For questions, comments, consulting or media inquiries, please email:

andrewgavinmarshall@mail.com

Discussion

20 Responses to “Contact”

  1. I just read your article “The Global…It’s All Greek To ME”. The best summation on the financial scam (since the Federal Reserve was given it’s license to rape and pillage the world in 1913) in one article I’ve read so far. At the very end you give some hope of “common person” world unity to affect change. Simple, if everyone put down their weapons and went home the problems of the world would be immediately solved, as the biggest proportion of real world debt is due to war and the procurement of weapons to kill each other. The perfect solution for those at the top has always been to keep those at the bottom killing each other and selling them the weapons to do it. I realize that this new “banking scam” has added a tremendous burden to world citizens, but as always war is their answer and the general population is always willing to participate. Thus history shall repeat itself until the hordes have finally lost their taste for blood. The answer has always been in our hands, but nobody really wants peace.

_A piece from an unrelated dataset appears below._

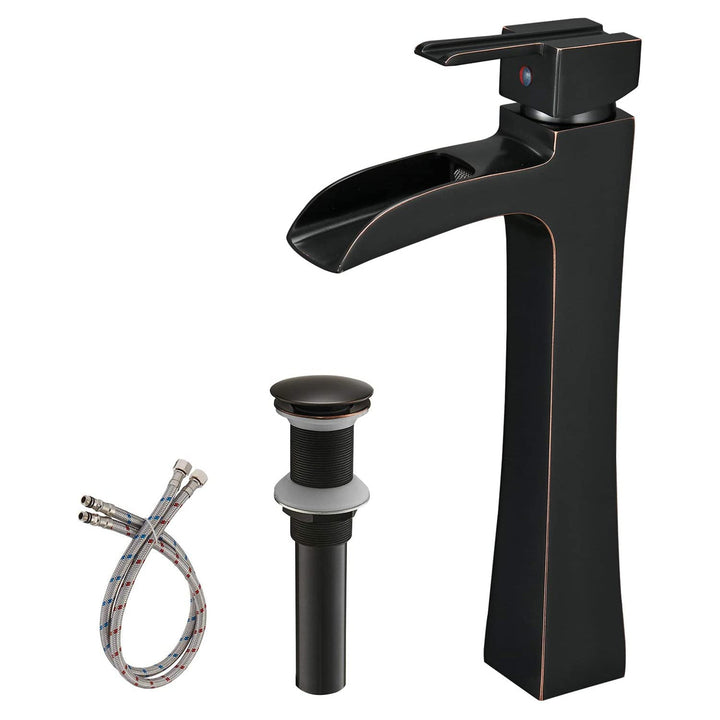 Single Hole Single-Handle Vessel Bathroom Faucet with Pop Up Drain without Overflow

    Posted by Deacon | July 17, 2011, 3:27 pm
  2. Dear Mr. Marshall,

    I have followed with interest your essays on economics, which I have accessed through the CRG. You may be interested in a work of mine, entitled The Empire Strikes a Match in a World Full of Oil.
    You might also find an older book — Dysfunctions of the Welfare State (Rutgers U Press, 2010) — of interest.

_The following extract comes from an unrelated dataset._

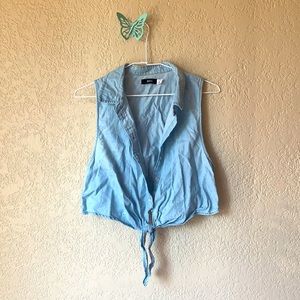 Crop cotton tie front top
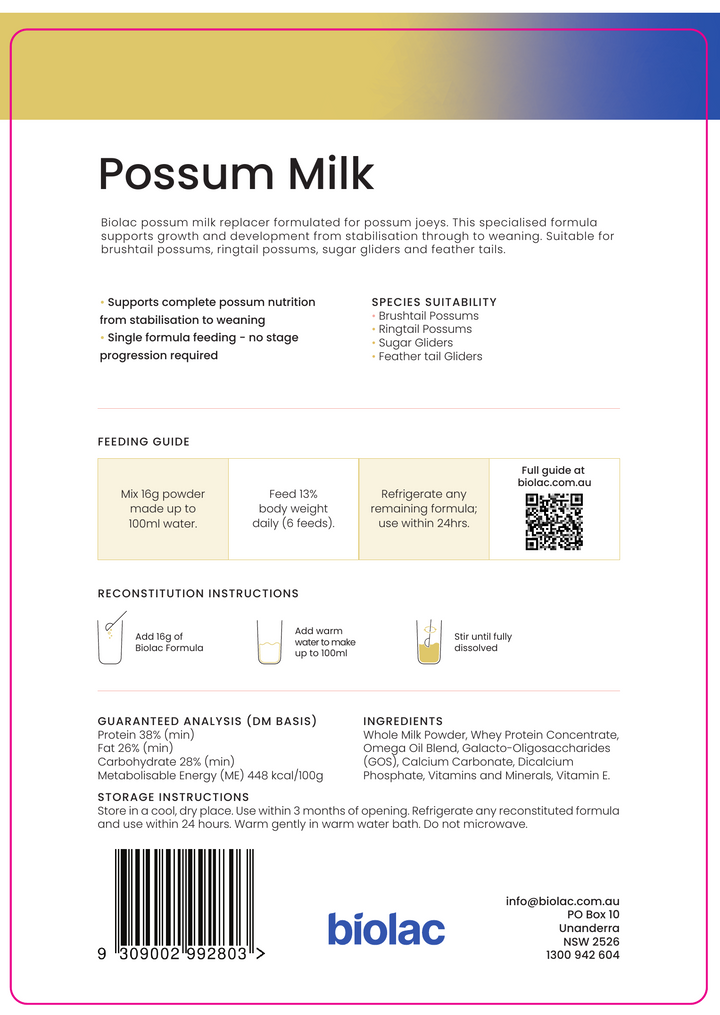 Biolac Possum Milk Replacement Formula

    The new edition of The Empire is not out yet, but I’ll send along the galleys. Just contact me at the email address below.

    Posted by Joel Clarke Gibbons | July 18, 2011, 8:39 am
  3. RE: the great global depression

    I managed to get through your latest and appreciate the details. Conspiracy is not a theory. But there is one elephant hiding in the woods with the truck sticking out: the end of cheap oil/energy. This vast financial monster will not survive as we localize by necessity. We won’t need 50% of money in defense. And communities will not welcome members who only take. Everyone will need to produce something tangible of value to both individuals and the community. The one defense we all have is to decrease debt, live small, give the banks less and less money, opt out, and then begin to think local and turn off the TV.

    To do anything else is to give power and credibility to the finance industry.

    I did get a chuckle at your revelation that France and Germany require Greece to keep buying weapons from France and Germany. Guns, not butter. And they do it without shame. Certainly Greeks need fighter aircraft more than, say, food.

    I’d like to see your articles quite a bit shorter, more compact, perhaps with sidebars for the tedious. Is is very difficult to comprehend bunches of figures in the text of paragraph. It goes from clear black and white to grey and fuzzy. Having spent a lifetime writing, from journalism to advertising and much in between, I know the difficulty of which I ask. Sweat and blood. But it may allow you a greater audience, in the end.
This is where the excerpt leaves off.